**Records for this exercise**

<<<<

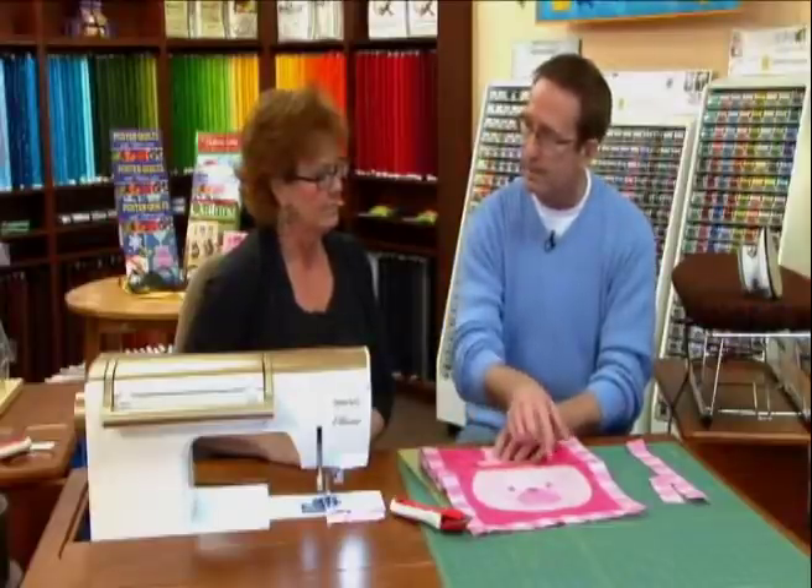The next thing we need to do is get these templates traced and show how to do the fusible applique and apply them to the background fabric.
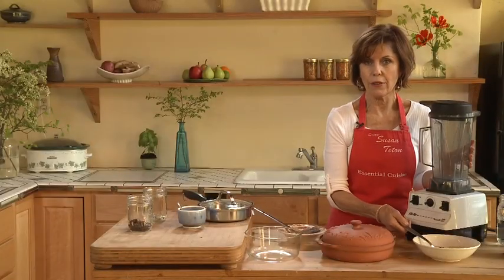Millet is an alkaline grain, as you know from my other DVDs. We have amaranth, quinoa, and millet — all alkaline. And this is so simple to make.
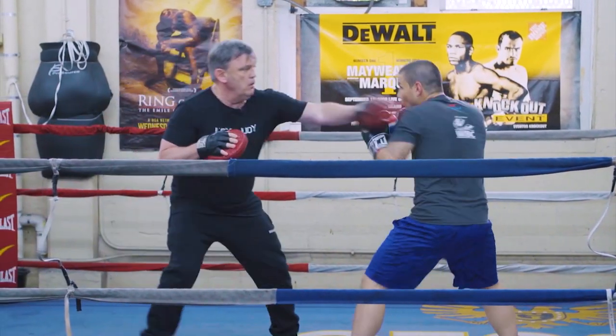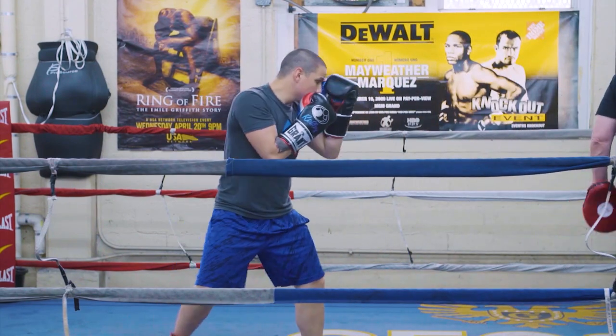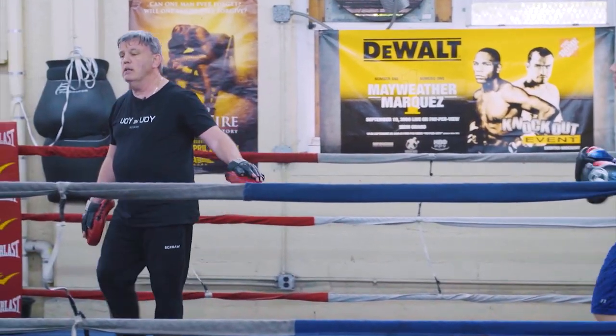Do it again. Not bad. That's a nice counter. Good.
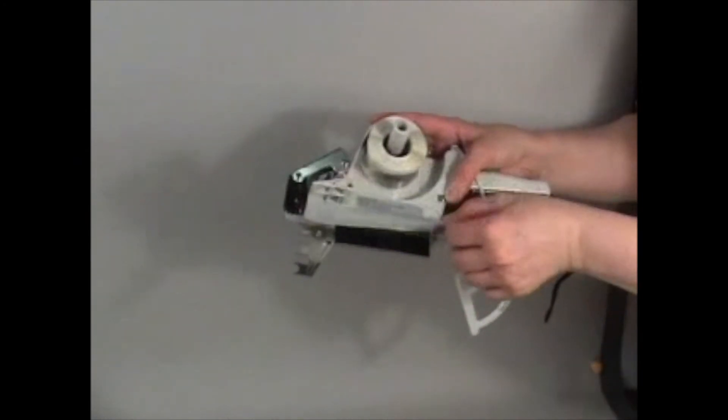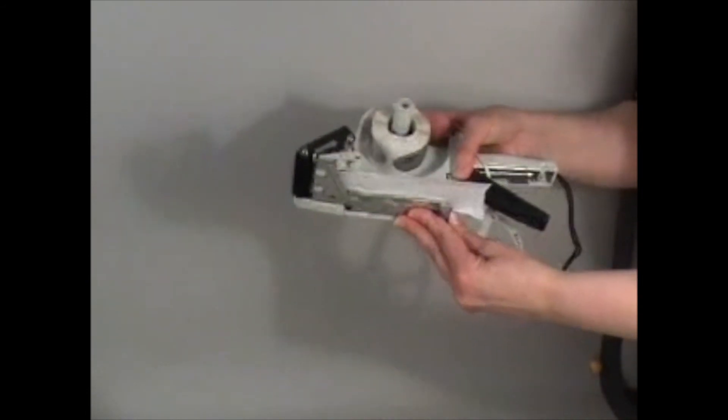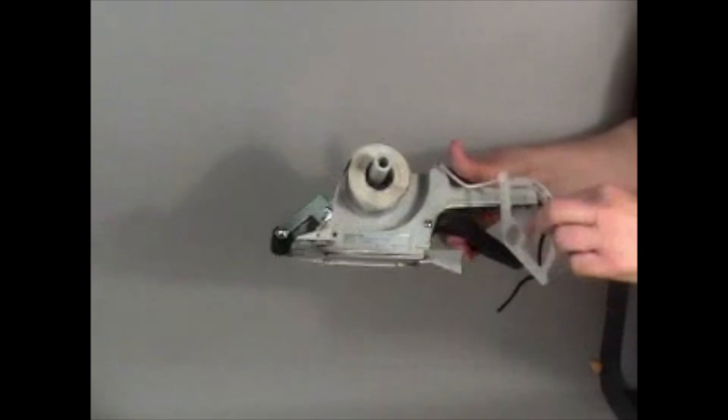Pull the labels back onto the bottom cover, making sure to pull a little extra out of the back of the dispenser. Close the bottom cover and replace the label holder.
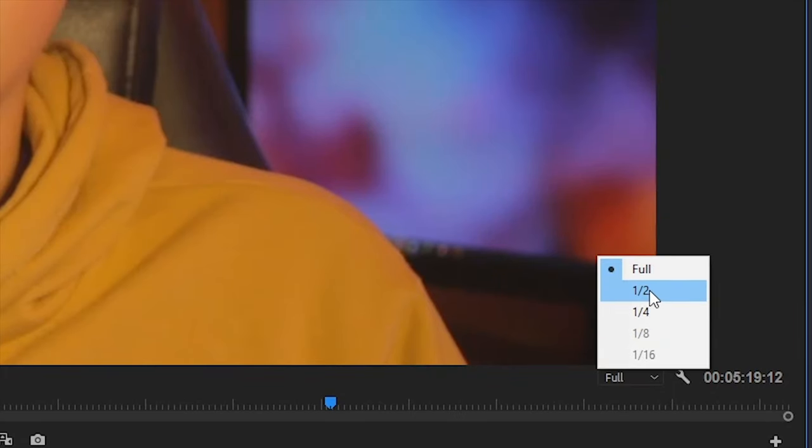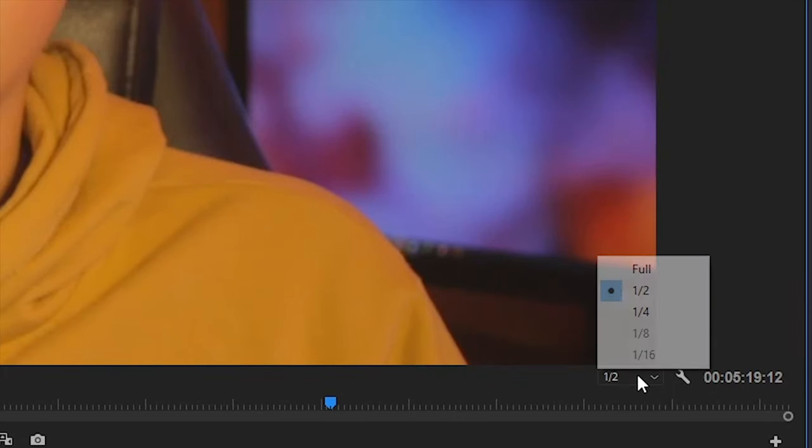With the 13-inch version, it does stutter at full resolution, so you'll need to drop it to half or one-fourth resolution, which shows this machine really isn't good for editing. The 15-inch is not too bad — timeline performance is actually quite good, and applying effects like stabilization rendered quite fast on the 15-inch, while on the 13-inch it's pretty slow.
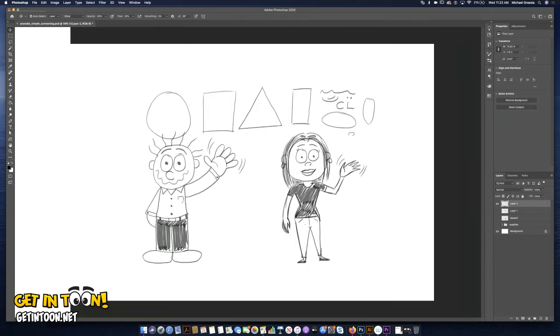And now you've drawn a man and a woman. So if you practice your shapes and your lines, you can create anything. I want to thank you for joining me and I'll see you next time. Bye.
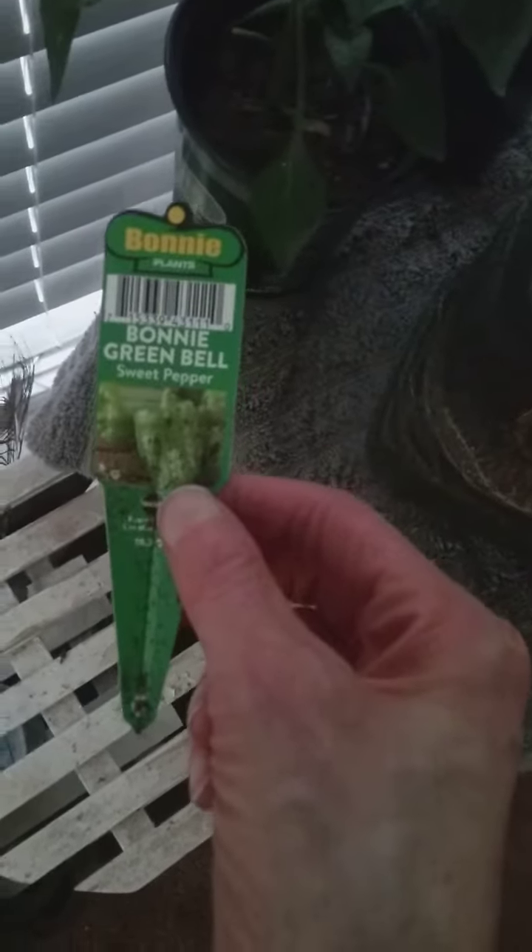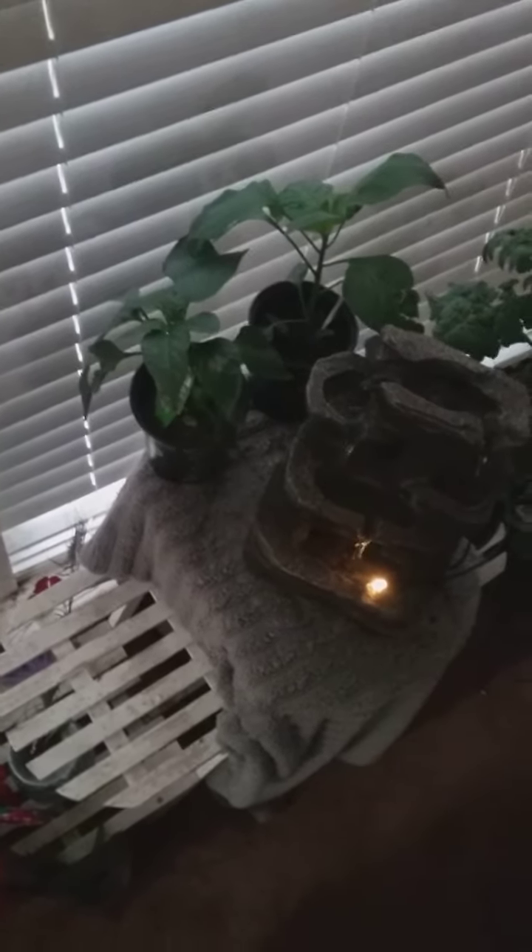Yeah, that's what they look like — green bell peppers, sweet peppers. These are both green bell pepper plants and they'll go in my vegetable garden as well. You can see that fountain right there.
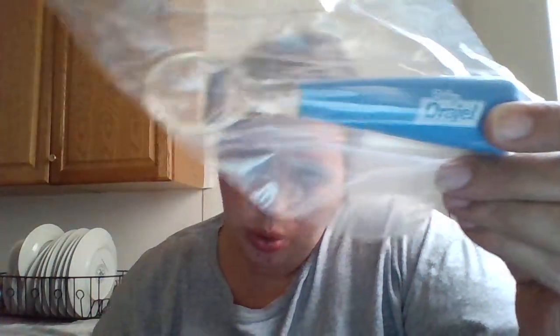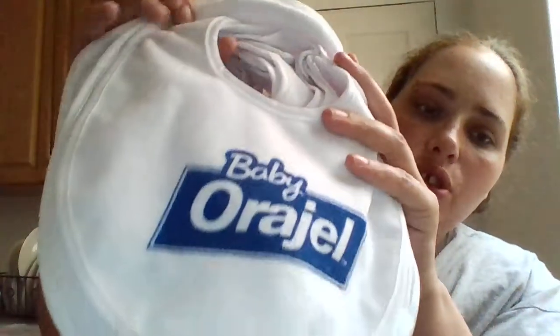Then we got baby spoons — those are so cool. We got eleven of those. Then we got these things — these are baby-proof bibs. We got eleven of those rolls too. Pretty cool — guests will love those!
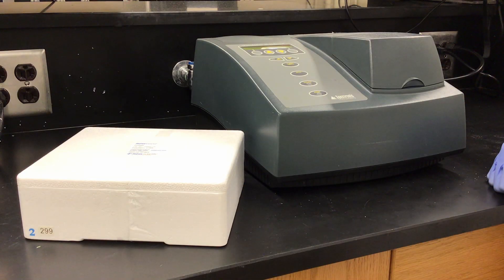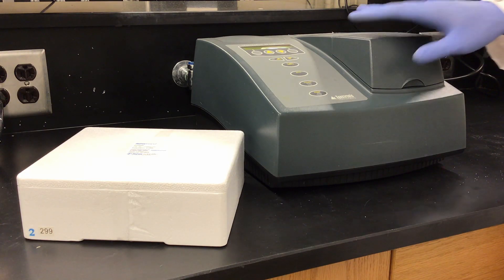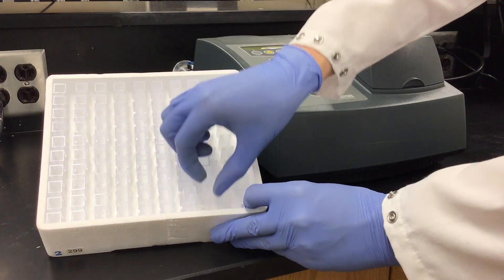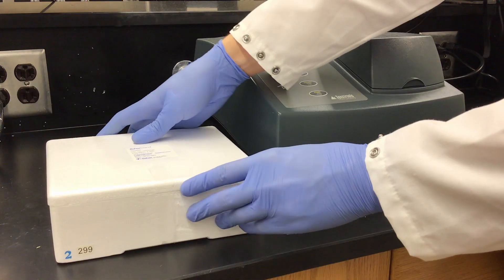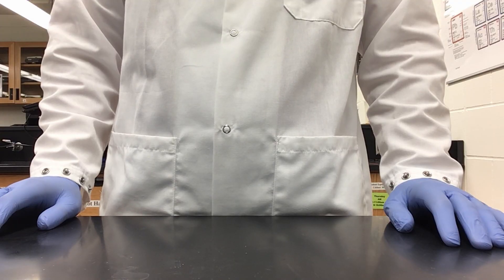Now we are doing part 4 of reversible and irreversible reactions. In this part, you will be taking your solutions of cobalt and using the Spectronic 20 to measure absorbance. Instructions on how to use the Spectronic 20 are posted on Canvas. We will need to have our solutions made in a cuvette, and next I will show you how to prepare all of your solutions.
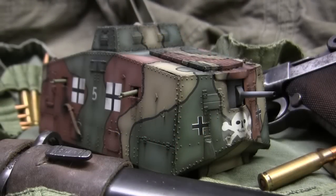Hey everyone, this is John from EastCoastArmory.com and I'm here today with a model showcase video for this 1/35th scale German World War I A7V Totenkopf Tank.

>>>>

**Your instructions**
Your reply should consist solely of the lines above from the line containing "Millet is an" up to and including the line containing "Yeah, that's what", reproduced exactly, minus the pictures.

**Answer space**
Millet is an alkaline grain, as you know from my other DVDs. We have amaranth, quinoa, and millet — all alkaline. And this is so simple to make.
Do it again. Not bad. That's a nice counter. Good.
Pull the labels back onto the bottom cover, making sure to pull a little extra out of the back of the dispenser. Close the bottom cover and replace the label holder.
With the 13-inch version, it does stutter at full resolution, so you'll need to drop it to half or one-fourth resolution, which shows this machine really isn't good for editing. The 15-inch is not too bad — timeline performance is actually quite good, and applying effects like stabilization rendered quite fast on the 15-inch, while on the 13-inch it's pretty slow.
And now you've drawn a man and a woman. So if you practice your shapes and your lines, you can create anything. I want to thank you for joining me and I'll see you next time. Bye.
Yeah, that's what they look like — green bell peppers, sweet peppers. These are both green bell pepper plants and they'll go in my vegetable garden as well. You can see that fountain right there.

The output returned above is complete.